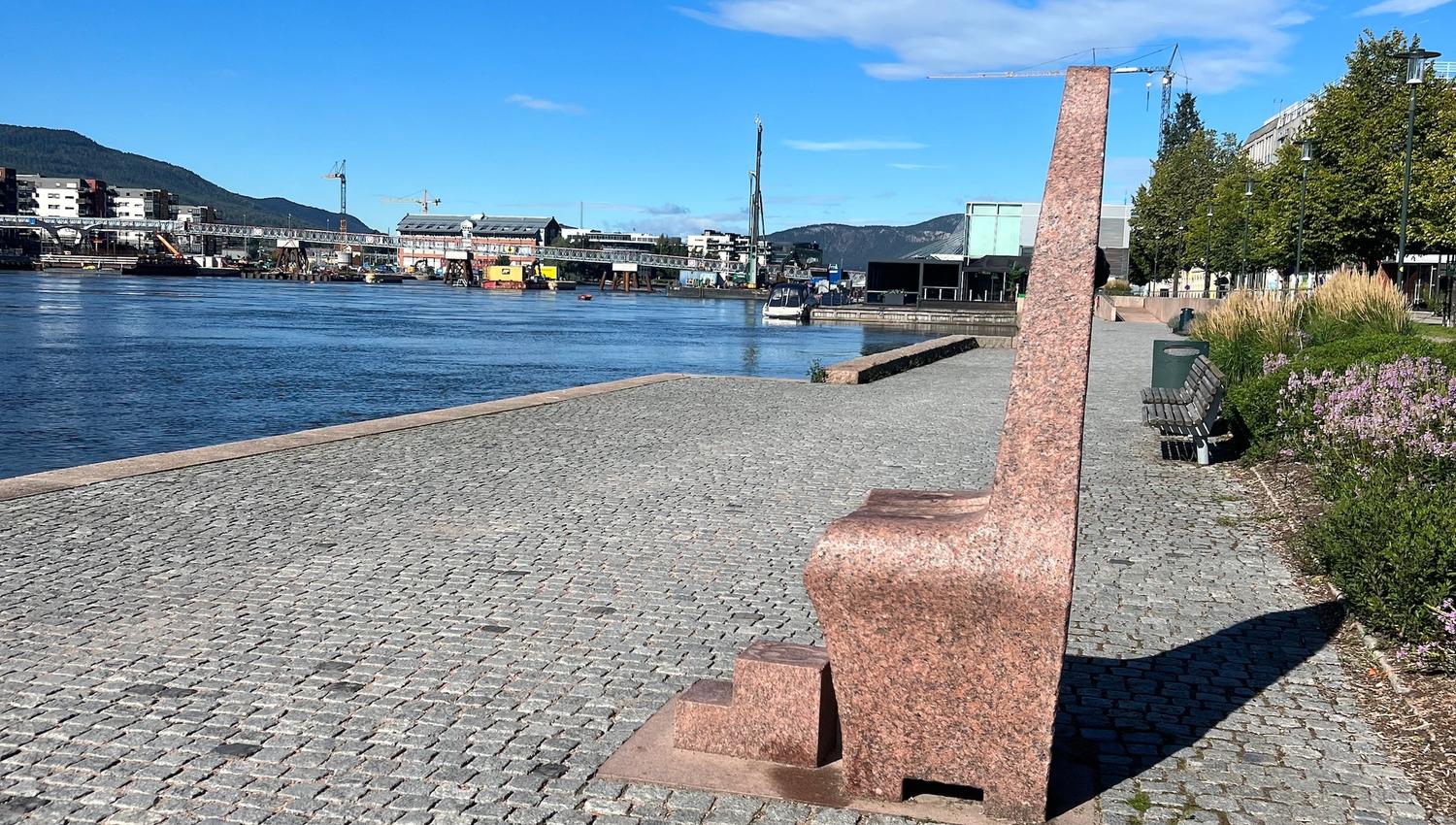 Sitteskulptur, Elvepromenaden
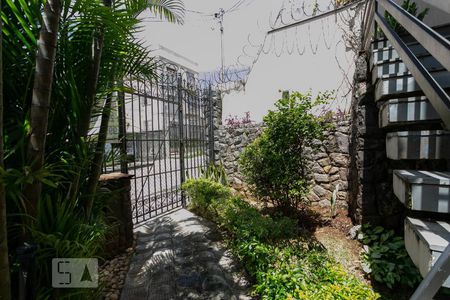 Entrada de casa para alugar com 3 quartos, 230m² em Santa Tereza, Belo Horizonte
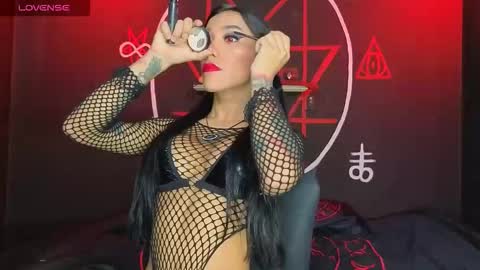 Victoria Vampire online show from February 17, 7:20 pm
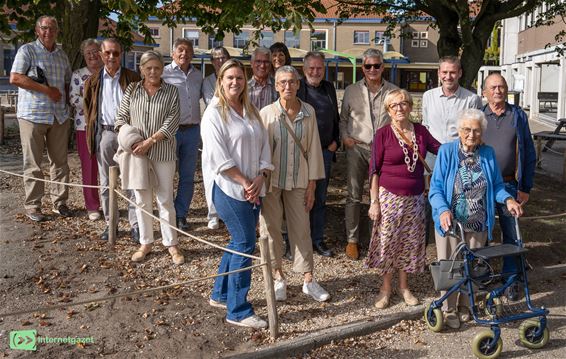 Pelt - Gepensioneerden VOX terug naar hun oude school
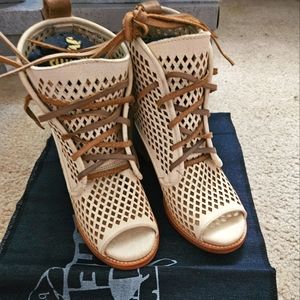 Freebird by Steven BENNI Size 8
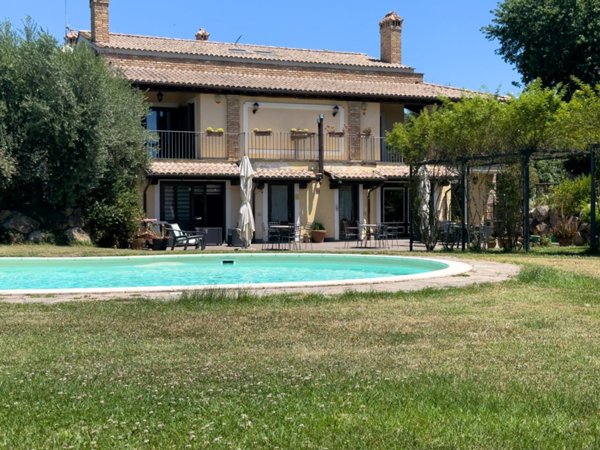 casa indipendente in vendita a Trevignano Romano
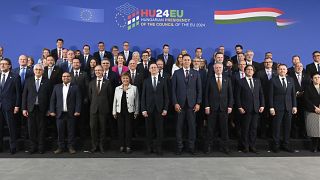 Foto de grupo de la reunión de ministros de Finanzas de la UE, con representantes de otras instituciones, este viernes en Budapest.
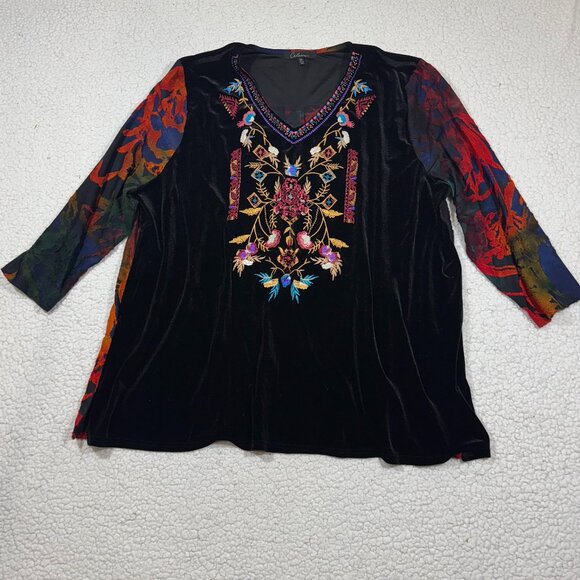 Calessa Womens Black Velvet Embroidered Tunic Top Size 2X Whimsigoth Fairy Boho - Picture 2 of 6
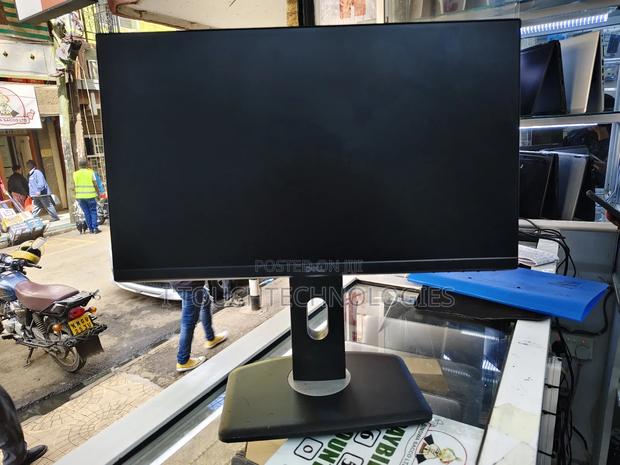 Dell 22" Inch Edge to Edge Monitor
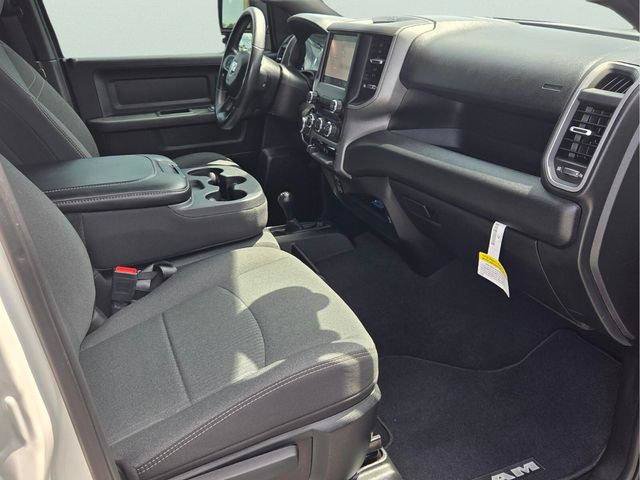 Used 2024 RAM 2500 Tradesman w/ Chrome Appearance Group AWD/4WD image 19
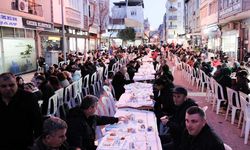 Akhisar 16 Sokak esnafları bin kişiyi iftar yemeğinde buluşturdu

--------------------------------

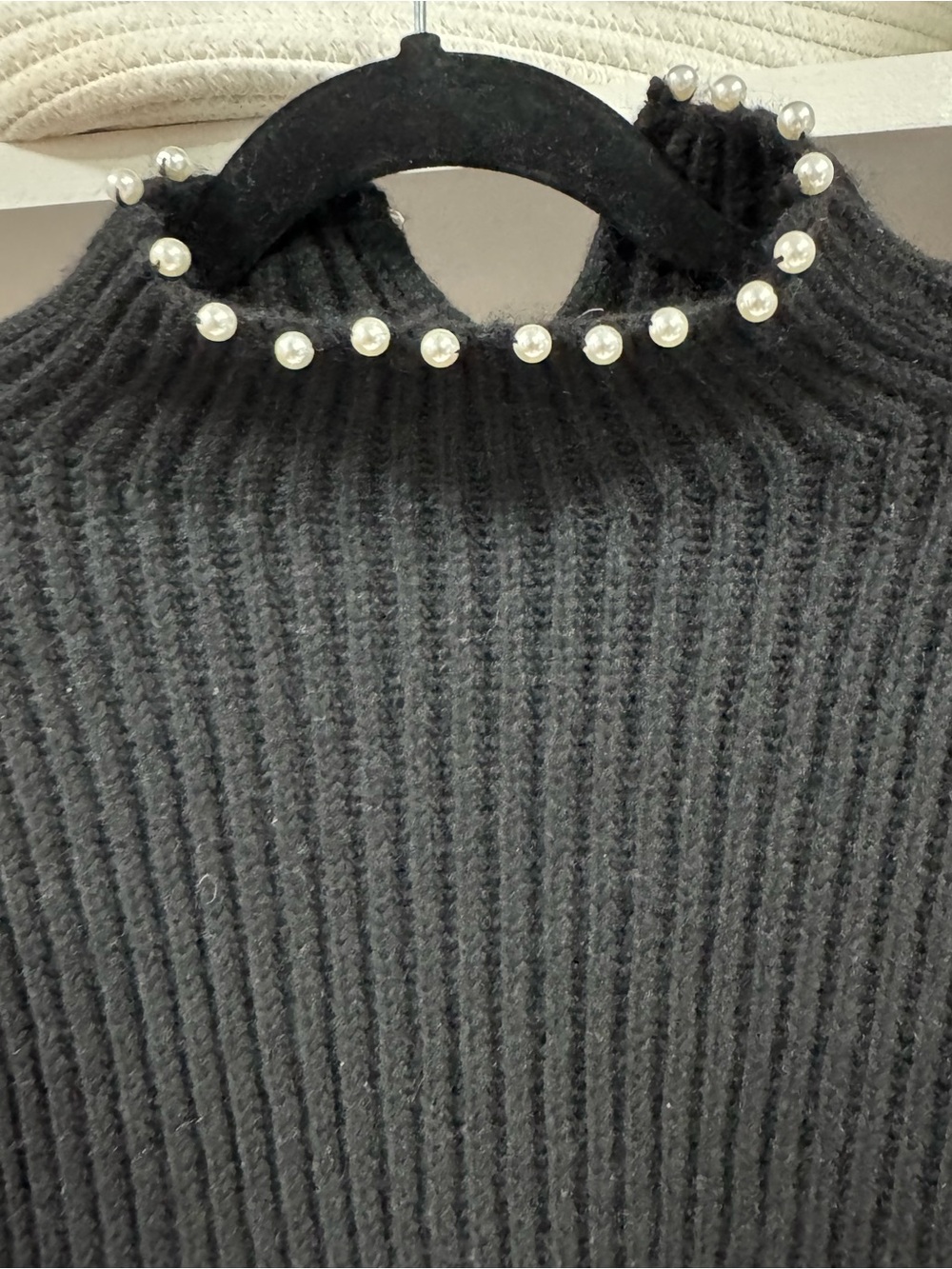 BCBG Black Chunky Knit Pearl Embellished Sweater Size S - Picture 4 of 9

--------------------------------

WORK INSTRUCTIONS.
Give the lines above again exactly, from the one containing "Calessa Womens Black" to the one containing "Akhisar 16 Sokak", both included, but leave out the pictures.

EXERCISE RESULT.
 Calessa Womens Black Velvet Embroidered Tunic Top Size 2X Whimsigoth Fairy Boho - Picture 2 of 6
 Dell 22" Inch Edge to Edge Monitor
 Used 2024 RAM 2500 Tradesman w/ Chrome Appearance Group AWD/4WD image 19
 Akhisar 16 Sokak esnafları bin kişiyi iftar yemeğinde buluşturdu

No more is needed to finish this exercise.